Разумеется, плывя по Гамбии, попасть в Эфиопию нельзя. Мало того что все попытки форсировать эту реку сопровождались гибелью моряков из-за крайне нездорового климата, успехи таких экспедиций были ничтожны с точки зрения поставленных целей. Однако разведывательные плавания тех лот в результате случайностей привели к новым важным географическим открытиям. Так, во время своего второго плавания итальянец Кадамосто, снесенный с курса штормом, открыл острова Зеленого Мыса (см. гл. 180)!
Об одной из таких экспедиций принца, состоявшейся в 1455 г. и посланной к Гамбии, сообщает нам единственное в своем роде письмо, хранящееся в архиве Генуи. Это письмо было направлено из далеких стран неким Узодимаре, адресовавшим его своим кредиторам в родном городе. Об этом Узодимаре и его письме уже упоминалось в III томе (см. гл. 130 и 146). В комментариях к гл. 130 доказано, что слово «Узодимаре» означает не профессию, как ранее предполагали, а фамилию генуэзского дворянского рода. В письме сообщаются некоторые подробности об одной экспедиции португальского принца. Хотя сама но себе экспедиция эта была незначительной, она может служить интересным примером того, как Генрих пытался извлечь выгоду из географических открытий, которые удалось сделать в 40-х годах XV в., в частности использовать реки, обнаруженные на западном побережье Африки, для проникновения в глубь «Черного материка».
Плавание Узодимаре в 1455 г. состоялось одновременно с первой экспедицией его земляка Кадамосто, о которой более подробно рассказывается в следующей главе. Эти экспедиции действовали независимо друг от друга, хотя временами им приходилось сотрудничать. Узодимаре было поручено подняться по реке Гамбии, по ему удалось продвинуться лишь на незначительное расстояние.
Здесь заслуживает внимания одно очень характерное обстоятельство: португальцы того времени вовсе не старались, как это часто и охотно утверждают их потомки, держать свои открытия в глубокой тайне. Ведь плавания 1455 и 1456 гг. были доверены принцем Генрихом итальянцам, то есть иностранцам, прибывшим к его двору.
Письмо Узодимаре написано на такой скверной и безграмотной латыни, что о смысле его можно только догадываться. Оно было обнаружено в генуэзском архиве датчанином Гробергом и опубликовано в 1802 г.[525] Чаще всего это письмо интересовало исследователей своим сообщением о судьбе экспедиции Вивальди (см. т. III, гл. 130). Однако эта часть письма, несомненно, плод фантазии, хотя в остальном оно довольно интересно.
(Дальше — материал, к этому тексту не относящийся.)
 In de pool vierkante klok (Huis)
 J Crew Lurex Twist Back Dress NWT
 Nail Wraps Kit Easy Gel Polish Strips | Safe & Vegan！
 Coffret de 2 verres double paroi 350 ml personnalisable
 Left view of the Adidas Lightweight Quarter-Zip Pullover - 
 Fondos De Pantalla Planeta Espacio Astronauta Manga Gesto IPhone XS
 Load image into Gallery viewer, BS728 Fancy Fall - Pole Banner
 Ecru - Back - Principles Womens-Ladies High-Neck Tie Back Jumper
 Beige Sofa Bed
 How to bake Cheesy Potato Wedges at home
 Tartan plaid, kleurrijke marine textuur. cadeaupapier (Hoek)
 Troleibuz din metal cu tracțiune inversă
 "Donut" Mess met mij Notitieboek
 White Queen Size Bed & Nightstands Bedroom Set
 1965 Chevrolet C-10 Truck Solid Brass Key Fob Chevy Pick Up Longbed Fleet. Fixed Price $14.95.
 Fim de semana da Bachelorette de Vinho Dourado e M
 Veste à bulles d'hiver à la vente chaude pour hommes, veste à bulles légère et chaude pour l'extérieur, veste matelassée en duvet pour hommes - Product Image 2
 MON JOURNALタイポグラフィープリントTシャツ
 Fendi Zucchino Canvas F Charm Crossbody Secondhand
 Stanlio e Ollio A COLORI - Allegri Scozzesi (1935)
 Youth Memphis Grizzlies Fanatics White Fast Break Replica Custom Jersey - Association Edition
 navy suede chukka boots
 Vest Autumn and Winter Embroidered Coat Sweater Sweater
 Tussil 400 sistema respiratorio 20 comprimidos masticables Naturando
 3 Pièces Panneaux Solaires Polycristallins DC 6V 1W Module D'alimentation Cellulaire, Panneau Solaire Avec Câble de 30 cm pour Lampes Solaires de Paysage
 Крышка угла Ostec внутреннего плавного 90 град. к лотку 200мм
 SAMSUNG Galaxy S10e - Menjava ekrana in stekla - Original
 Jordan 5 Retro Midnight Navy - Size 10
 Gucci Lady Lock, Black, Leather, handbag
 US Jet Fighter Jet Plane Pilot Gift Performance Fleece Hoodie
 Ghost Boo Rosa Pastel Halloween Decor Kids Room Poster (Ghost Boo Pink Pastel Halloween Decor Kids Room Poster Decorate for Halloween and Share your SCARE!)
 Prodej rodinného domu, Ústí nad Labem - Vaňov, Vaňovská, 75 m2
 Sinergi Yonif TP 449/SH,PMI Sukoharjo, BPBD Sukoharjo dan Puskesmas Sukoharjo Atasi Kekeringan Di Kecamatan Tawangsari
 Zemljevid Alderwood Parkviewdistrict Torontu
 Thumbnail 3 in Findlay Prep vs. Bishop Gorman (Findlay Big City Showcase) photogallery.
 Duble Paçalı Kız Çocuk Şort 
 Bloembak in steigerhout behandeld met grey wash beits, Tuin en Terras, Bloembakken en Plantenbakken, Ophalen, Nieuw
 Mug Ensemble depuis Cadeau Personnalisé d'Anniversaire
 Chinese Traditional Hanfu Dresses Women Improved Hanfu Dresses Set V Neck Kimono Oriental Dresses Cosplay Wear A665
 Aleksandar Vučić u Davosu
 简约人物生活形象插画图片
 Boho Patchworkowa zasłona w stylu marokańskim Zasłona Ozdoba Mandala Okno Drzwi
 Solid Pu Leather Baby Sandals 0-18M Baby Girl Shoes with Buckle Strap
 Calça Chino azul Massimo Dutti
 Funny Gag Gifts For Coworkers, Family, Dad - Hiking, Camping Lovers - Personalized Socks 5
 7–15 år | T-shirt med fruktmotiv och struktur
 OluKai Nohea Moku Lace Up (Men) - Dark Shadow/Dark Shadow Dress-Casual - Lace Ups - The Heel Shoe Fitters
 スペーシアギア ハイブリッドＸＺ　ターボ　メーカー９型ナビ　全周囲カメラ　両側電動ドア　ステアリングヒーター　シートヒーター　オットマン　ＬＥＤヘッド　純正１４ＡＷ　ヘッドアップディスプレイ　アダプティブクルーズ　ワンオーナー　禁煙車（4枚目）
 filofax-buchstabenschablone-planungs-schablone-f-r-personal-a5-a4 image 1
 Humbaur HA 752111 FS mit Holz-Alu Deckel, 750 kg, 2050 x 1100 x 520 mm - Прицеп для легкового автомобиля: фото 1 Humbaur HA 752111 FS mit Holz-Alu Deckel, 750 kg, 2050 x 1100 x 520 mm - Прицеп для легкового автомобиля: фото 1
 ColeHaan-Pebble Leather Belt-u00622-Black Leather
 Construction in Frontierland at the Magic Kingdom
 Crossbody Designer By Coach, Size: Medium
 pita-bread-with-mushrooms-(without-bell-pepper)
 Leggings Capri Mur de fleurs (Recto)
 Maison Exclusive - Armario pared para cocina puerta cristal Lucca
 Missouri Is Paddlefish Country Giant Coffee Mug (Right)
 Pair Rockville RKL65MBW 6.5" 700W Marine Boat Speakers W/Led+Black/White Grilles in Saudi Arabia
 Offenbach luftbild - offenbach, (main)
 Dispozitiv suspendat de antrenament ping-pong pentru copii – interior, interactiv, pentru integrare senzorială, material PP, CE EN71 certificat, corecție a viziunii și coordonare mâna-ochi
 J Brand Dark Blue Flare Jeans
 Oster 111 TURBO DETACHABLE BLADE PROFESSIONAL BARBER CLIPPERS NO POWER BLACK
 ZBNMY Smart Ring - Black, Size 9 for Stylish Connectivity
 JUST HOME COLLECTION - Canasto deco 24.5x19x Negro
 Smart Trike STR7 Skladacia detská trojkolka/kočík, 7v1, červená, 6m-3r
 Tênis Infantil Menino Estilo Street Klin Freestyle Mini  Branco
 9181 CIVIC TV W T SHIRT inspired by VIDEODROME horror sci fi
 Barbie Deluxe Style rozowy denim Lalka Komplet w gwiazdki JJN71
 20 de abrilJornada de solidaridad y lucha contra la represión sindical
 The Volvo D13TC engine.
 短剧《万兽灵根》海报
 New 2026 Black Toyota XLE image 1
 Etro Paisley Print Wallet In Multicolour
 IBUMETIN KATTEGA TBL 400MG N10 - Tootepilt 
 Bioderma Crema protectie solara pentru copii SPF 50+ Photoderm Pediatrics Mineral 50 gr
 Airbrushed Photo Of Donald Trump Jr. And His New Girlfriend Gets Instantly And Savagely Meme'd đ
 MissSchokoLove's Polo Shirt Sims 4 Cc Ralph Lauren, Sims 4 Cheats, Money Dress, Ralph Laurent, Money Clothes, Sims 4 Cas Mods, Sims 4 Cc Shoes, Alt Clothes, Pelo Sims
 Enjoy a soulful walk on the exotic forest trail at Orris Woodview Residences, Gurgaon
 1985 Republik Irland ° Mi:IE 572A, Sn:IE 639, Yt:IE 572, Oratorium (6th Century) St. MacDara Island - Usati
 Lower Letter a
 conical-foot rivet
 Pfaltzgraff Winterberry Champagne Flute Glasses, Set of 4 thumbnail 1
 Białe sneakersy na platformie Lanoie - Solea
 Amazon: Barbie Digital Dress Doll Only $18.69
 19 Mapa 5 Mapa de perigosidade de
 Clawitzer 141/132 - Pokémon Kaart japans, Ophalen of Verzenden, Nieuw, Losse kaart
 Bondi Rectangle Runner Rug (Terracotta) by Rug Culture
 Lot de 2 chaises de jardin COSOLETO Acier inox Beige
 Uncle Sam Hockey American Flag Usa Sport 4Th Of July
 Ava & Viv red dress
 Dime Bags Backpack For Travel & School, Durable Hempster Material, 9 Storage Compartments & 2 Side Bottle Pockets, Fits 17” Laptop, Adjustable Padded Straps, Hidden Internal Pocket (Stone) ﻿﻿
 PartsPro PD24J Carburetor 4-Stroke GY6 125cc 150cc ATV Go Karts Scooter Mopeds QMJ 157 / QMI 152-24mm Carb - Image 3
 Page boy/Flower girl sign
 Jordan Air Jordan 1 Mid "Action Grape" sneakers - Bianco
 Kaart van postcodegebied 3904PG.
Маньяги вновь изучил эту рукопись и опубликовал ее в отличной от Гроберга редакции, которая и положена в основу приведенного выше перевода[526].
Весьма путаные географические представления Узодимаре, его почти непостижимое для нас заблуждение, будто он находился сравнительно недалеко от государства «священника Иоанна» и страны золота — Мали, выдумка, что в сказочном царстве «священника Иоанна» правит «Иоанн V», — все это надо поставить в вину не столько самому путешественнику, сколько духу времени. Эпоха, в которую он жил, порождала такие представления, и именно они вызывали интерес к географии Африки. Из гл. 184 мы узнаем, что сам принц Генрих был склонен к таким идеям, н они вдохновляли его на снаряжение экспедиций. Примеры таких нее неправильных представлений мы найдем и в гл. 192–194. Возможно, что скоропалительные путешествия, совершенные за письменным столом автором «Книги познания», якобы попавшего от мыса Бохадор в страну «священника Иоанна», способствовали распространению таких фантастических представлений о географическом положении отдельных стран и о разделяющем их расстоянии (см. т. III, гл. 144),
Но в остальном Узодимаре сделал трезвые и правильные наблюдения. Это показывает как его сообщение о продолжительности дня и ночи в июле у устья Гамбии, так и достоверные данные о том, что Полярная звезда почти скрывается за горизонтом на широте Гамбии у 13° с. ш.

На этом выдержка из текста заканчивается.